40代の平均貯蓄額、というものがあるが、あなたはきちんと貯めることができているだろうか?老後に備えて今からでも間に合う対策法を金融ライターが伝授する。

40代はいくら貯めている?

総務省の家計調査報告(貯蓄・負債編)によると、2025年40代(2人以上世帯)は、平均して1,381万円を貯金している。

一方で、負債も平均して1,483万円あり、貯蓄を負債が上回っている負債超過である。負債のうち91.9%が、住宅・土地のための負債となっている。
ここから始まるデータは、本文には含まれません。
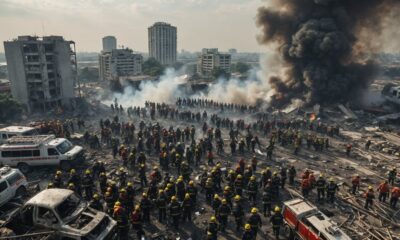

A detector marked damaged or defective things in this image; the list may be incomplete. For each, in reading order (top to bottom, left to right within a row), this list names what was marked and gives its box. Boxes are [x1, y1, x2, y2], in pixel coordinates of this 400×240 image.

damaged building [3, 36, 77, 113] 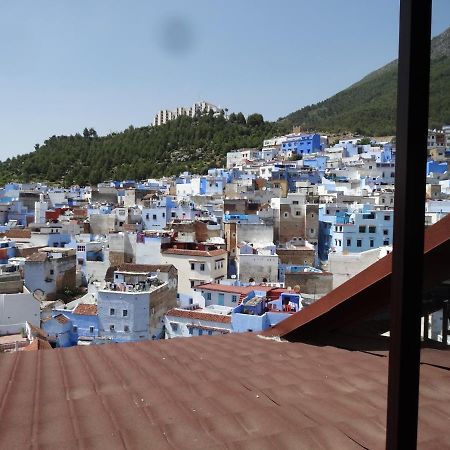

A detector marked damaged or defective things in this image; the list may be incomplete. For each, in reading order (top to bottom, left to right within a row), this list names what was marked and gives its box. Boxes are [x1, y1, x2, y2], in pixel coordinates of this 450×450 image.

rusty metal roof [264, 213, 450, 340]
rusty metal roof [0, 334, 448, 450] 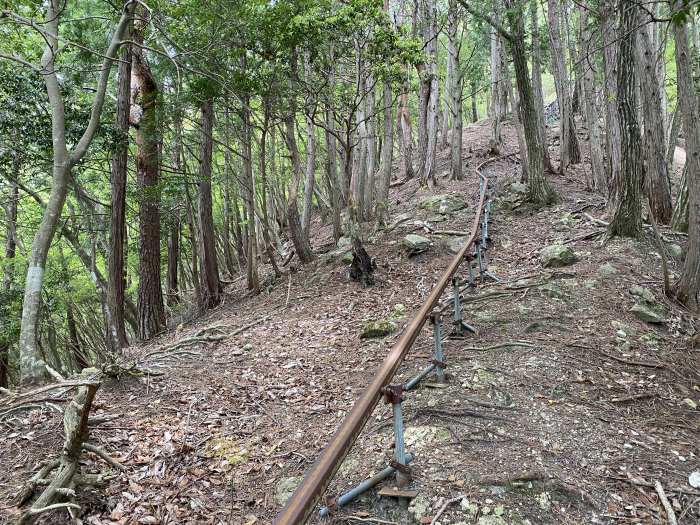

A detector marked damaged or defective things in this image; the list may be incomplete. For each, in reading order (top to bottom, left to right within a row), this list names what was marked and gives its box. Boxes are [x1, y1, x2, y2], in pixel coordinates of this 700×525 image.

年間収入の平均871万円に対して、貯蓄は1.58倍となっている。

消費の動向としては、原油高や物価高により光熱費、住居の維持費、ガソリン代が増えている一方で、衣服、食料品のうちお菓子やパン類への支出が減少し、物価高による支出増をその他の支出を抑えて節約しているようだ。

ただ、娯楽費や教育費などへの支出は増えており、年収が高くなるほど、娯楽費や教育費への支出が多くなる傾向がある。

悲しいことに…40代は「負債超過」傾向に

40代は、住宅ローンの残高がまだ残っていたり、子どもが大きくなってきて教育費がピークを迎えたりすることから、貯蓄が債務を上回る債務超過となっている人が多い。

ここからしっかり貯めていかないと、収入がなくなった老後に窮地に陥ることになるかもしれない。

ただ、心配しすぎなくても、前述の家計報告によれば、平均的に、50代、60代、70代以降、債務が減っていき、50代は1,013万円(=貯蓄1,756万円-債務743万円)、60代は2,609万円(=貯蓄2,843万円-債務234万円)と貯蓄が伸びて、貯蓄超過となっている。

一方で、今の40代は、今の60代人より、介護費用や医療費にかかる自己負担費用の負担が増加し、収入源である年金の受給額も減っている可能性がある。平均で示すように、60歳以降に平均的な2,609万円の貯蓄超過になるためには、今のうちにしっかり対策しておくことが必要である。

今からできる対策法を伝授!

40代は、子どもが大きくなってきたり、住宅を建てて10年以上経過してきたりして、教育費や住居の設備交換等大きな資金を使わざるを得ないイベントが目白押しである。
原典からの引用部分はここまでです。